Creating validation set from fundraising data set
set.seed(12345)
index = sample(1:nrow(fundraising), 0.8*nrow(fundraising))
train.fund = fundraising[index,]
val.fund = fundraising[-index,]
str(fundraising)
## tibble[,21] [3,000 x 21] (S3: tbl_df/tbl/data.frame)
## $ zipconvert2 : Factor w/ 2 levels "No","Yes": 2 1 1 1 1 1 1 2 1 2 ...
## $ zipconvert3 : Factor w/ 2 levels "Yes","No": 2 2 2 1 1 2 2 2 2 2 ...
## $ zipconvert4 : Factor w/ 2 levels "No","Yes": 1 1 1 1 1 1 2 1 1 1 ...
## $ zipconvert5 : Factor w/ 2 levels "No","Yes": 1 2 2 1 1 2 1 1 2 1 ...
## $ homeowner : Factor w/ 2 levels "Yes","No": 1 2 1 1 1 1 1 1 1 1 ...
## $ num_child : num [1:3000] 1 2 1 1 1 1 1 1 1 1 ...
## $ income : num [1:3000] 1 5 3 4 4 4 4 4 4 1 ...
## $ female : Factor w/ 2 levels "Yes","No": 2 1 2 2 1 1 2 1 1 1 ...
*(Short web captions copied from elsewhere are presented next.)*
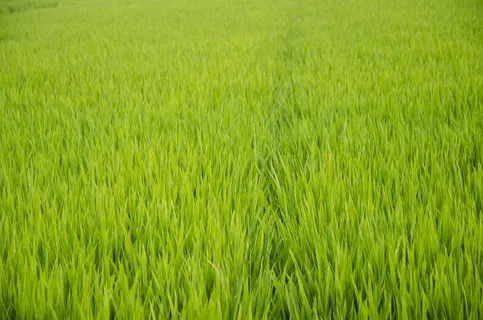 稻田稻穗图片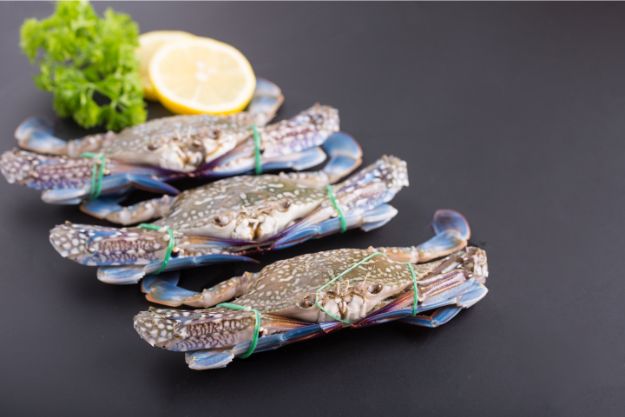 Buy Fresh Raw Blue Crab Online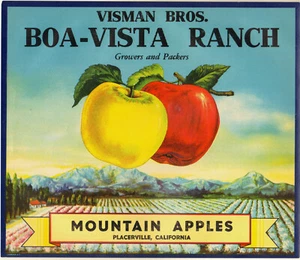 *Original* BOA-VISTA RANCH Placerville Ca Mountain Apple Crate Label NOT A COPY! - Picture 1 of 1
## $ wealth : num [1:3000] 7 8 4 8 8 8 5 8 8 5 ...
## $ home_value : num [1:3000] 698 828 1471 547 482 ...
## $ med_fam_inc : num [1:3000] 422 358 484 386 242 450 333 458 541 203 ...
## $ avg_fam_inc : num [1:3000] 463 376 546 432 275 498 388 533 575 271 ...
## $ pct_lt15k : num [1:3000] 4 13 4 7 28 5 16 8 11 39 ...
## $ num_prom : num [1:3000] 46 32 94 20 38 47 51 21 66 73 ...
## $ lifetime_gifts : num [1:3000] 94 30 177 23 73 139 63 26 108 161 ...
## $ largest_gift : num [1:3000] 12 10 10 11 10 20 15 16 12 6 ...
## $ last_gift : num [1:3000] 12 5 8 11 10 20 10 16 7 3 ...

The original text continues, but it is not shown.